Every substring-character uniqueness relationship is counted exactly once because each unique occurrence has a precisely defined valid range determined by neighboring identical characters.

Therefore, the total contribution sum equals the required answer.

Python Solution

class Solution:
    def uniqueLetterString(self, s: str) -> int:
        positions = {}

        for index, char in enumerate(s):
            if char not in positions:
                positions[char] = []

            positions[char].append(index)

        total = 0
        n = len(s)

        for char_positions in positions.values():
            indices = [-1] + char_positions + [n]

            for i in range(1, len(indices) - 1):
                prev_index = indices[i - 1]
                current_index = indices[i]
                next_index = indices[i + 1]
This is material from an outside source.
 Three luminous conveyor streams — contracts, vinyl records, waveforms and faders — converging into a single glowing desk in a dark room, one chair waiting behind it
                total += (
                    (current_index - prev_index)
                    * (next_index - current_index)
                )

        return total

The implementation begins by recording every index where each character appears.

For example, for "ABA":

{
    'A': [0, 2],
    'B': [1]
}

Next, for each character list, sentinel values are added. This eliminates special edge handling for first and last occurrences.

For "A":

[-1, 0, 2, 3]

Now every actual occurrence has both a previous and next boundary.

The loop computes the contribution of each occurrence independently using:

(current_index - prev_index) * (next_index - current_index)
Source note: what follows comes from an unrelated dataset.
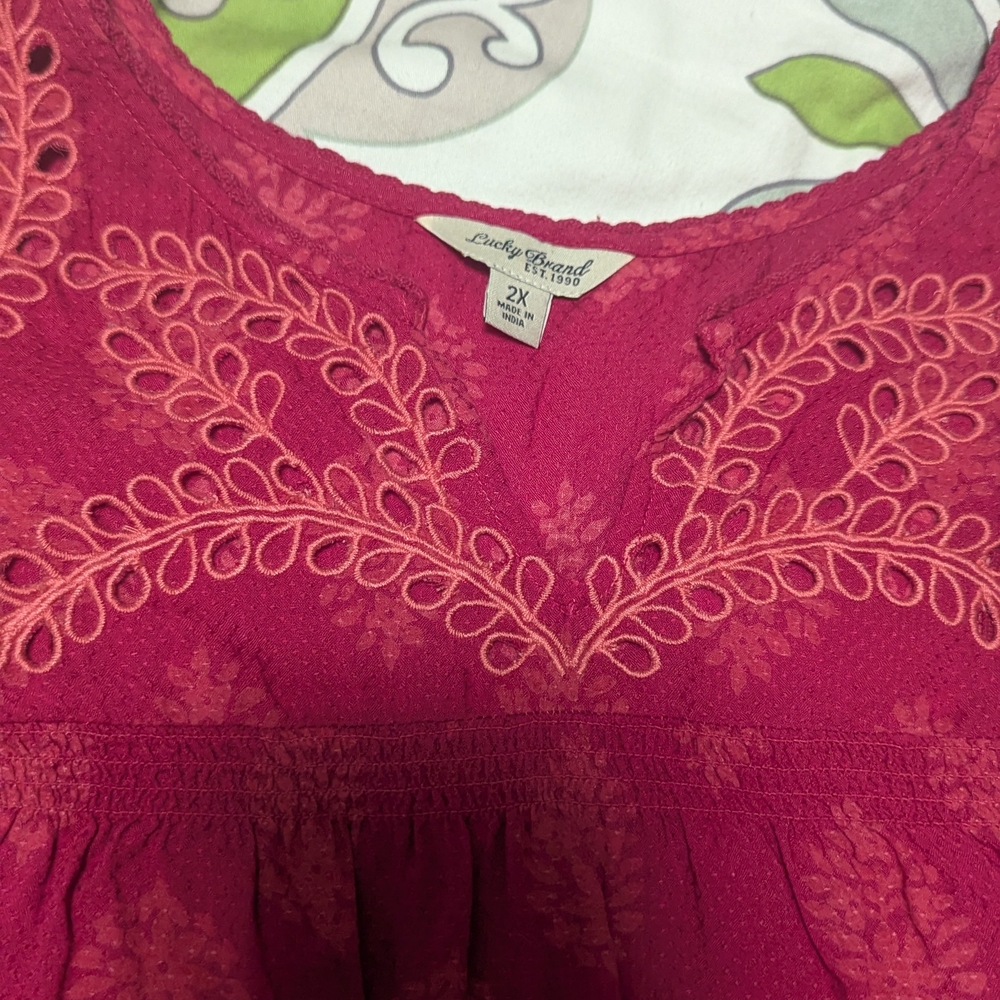 Lucky Brand Pink Embroidered Blouse - Picture 3 of 5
Finally, all contributions are accumulated into total.

The algorithm never generates substrings explicitly, which is why it remains efficient even for very large inputs.

Go Solution

func uniqueLetterString(s string) int {
    positions := make(map[byte][]int)

    for i := 0; i < len(s); i++ {
        positions[s[i]] = append(positions[s[i]], i)
    }

    total := 0
    n := len(s)

    for _, charPositions := range positions {
        indices := make([]int, 0, len(charPositions)+2)
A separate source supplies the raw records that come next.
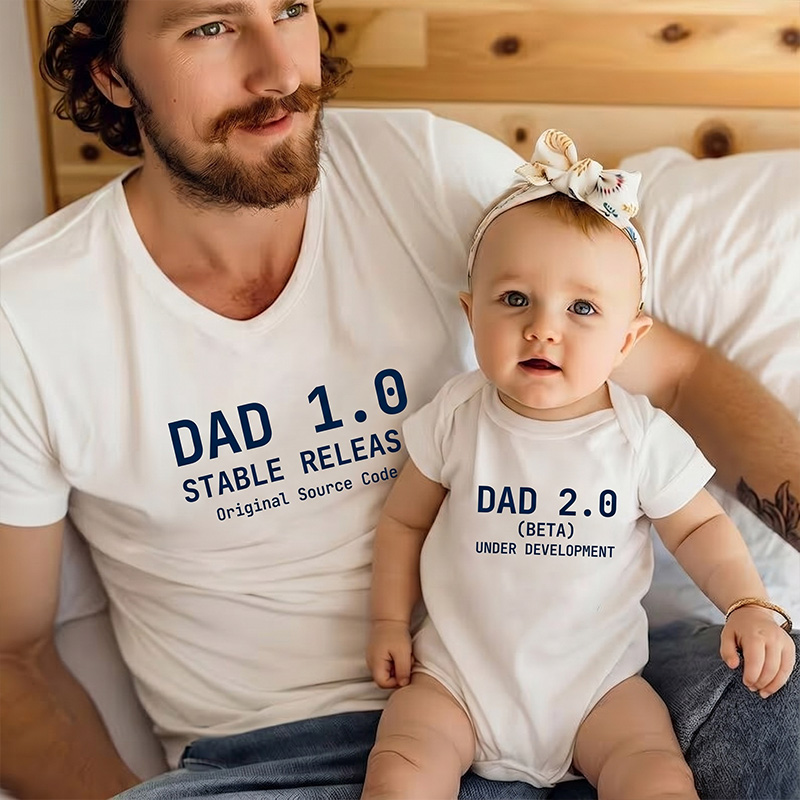 Personalized Dad 1.0 and Dad 2.0 Tshirt Father Son Matching Tee Dad and Baby Shirt Father Daughter Matching Tee Gift For Dad
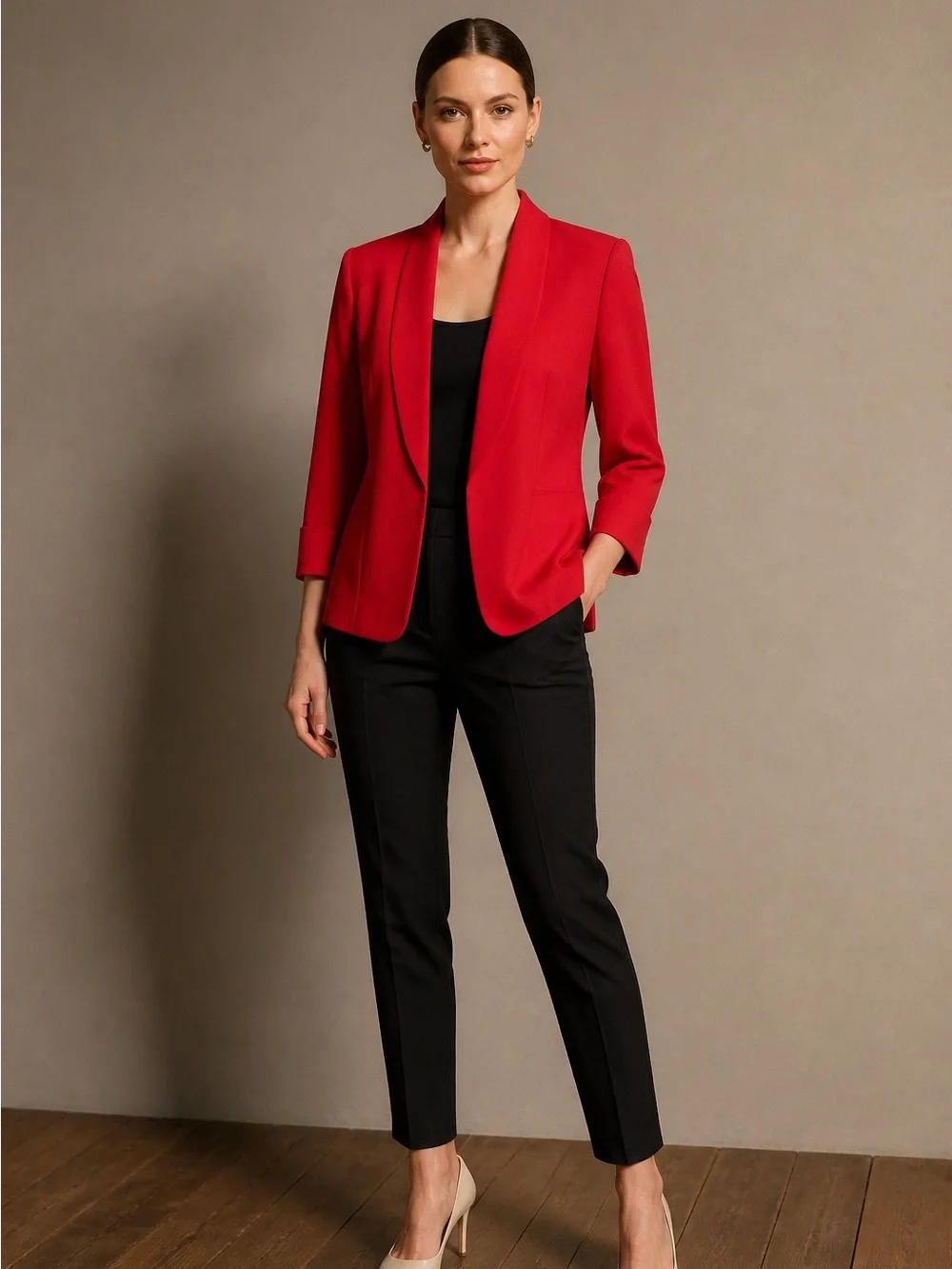 Kasper Red Open-Front Blazer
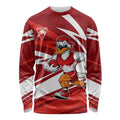Sydney Swans Australian Football Long Sleeve Shirt Swans Mascot Art With Indigenous Pattern Art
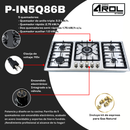 Parrilla de Gas de 5 Quemadores, Acero Inoxidable, Empotrable, 90cm, AROL P-IN5Q86B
        indices = append(indices, -1)

        for _, index := range charPositions {
            indices = append(indices, index)
        }

        indices = append(indices, n)

        for i := 1; i < len(indices)-1; i++ {
            prevIndex := indices[i-1]
            currentIndex := indices[i]
            nextIndex := indices[i+1]

            total += (currentIndex - prevIndex) *
                (nextIndex - currentIndex)
        }
    }

    return total
}

The Go solution follows exactly the same logic as the Python version.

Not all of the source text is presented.